The story here is that an Olympic-caliber kid grew up next door, in the small town down the highway. She played in our gyms, grew up to be the hero in red, the girl who would jump and serve rockets, who won championships and our hearts.
A Nebraska girl who makes a good living playing pro volleyball in Russia these days, but a girl who will always be a Nebraska girl. Cook says Larson and her husband have plans to build a house near Waverly.
“I told Jordan the first day she was at the Olympics that I want her to come back and be a coach at Nebraska one day,” Cook said. “Her response was, “I can't wait to be back in Nebraska and part of Husker Nation.”
That will be the topic when Cook gathers his team this week and tells them all about this Husker they see on TV.
“The story I'll tell them is here's Jordan, one of the highest-paid (volleyball) players in the world, who has never forgotten where she's from,” Cook said. “For all her success, she's still very humble.
“Here's a story I love to tell.
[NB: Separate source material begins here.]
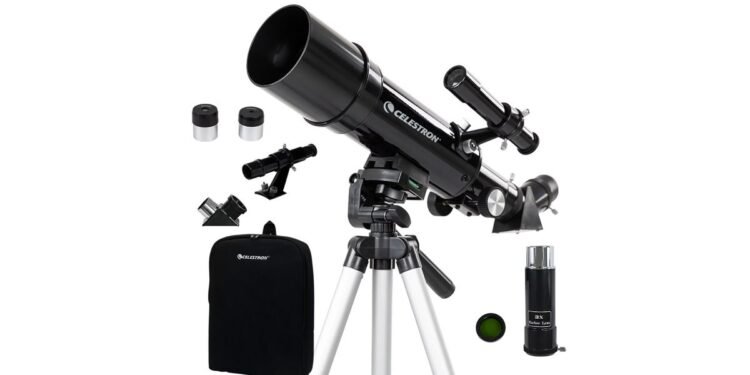 Obtenez un télescope Celestron pour seulement 38 $ avec cette offre exceptionnelle – Thebuzzly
Her senior year, I went to one of her home matches, up in the Logan View dome. And literally the kids on the other team are ducking and putting their hands over their heads because they're scared to get hit.
“Her team crushes them. She's like this giant among midgets. And I waited for 45 minutes after the game to talk to her, while she thanked every person in the gym for being there. She thanked every one of them as they were leaving. It was like a wedding.
“That's the story I want to share with these guys. How to handle success.”
With any luck, we'll find out how she handles a gold medal. First, the girl next door has some unfinished business.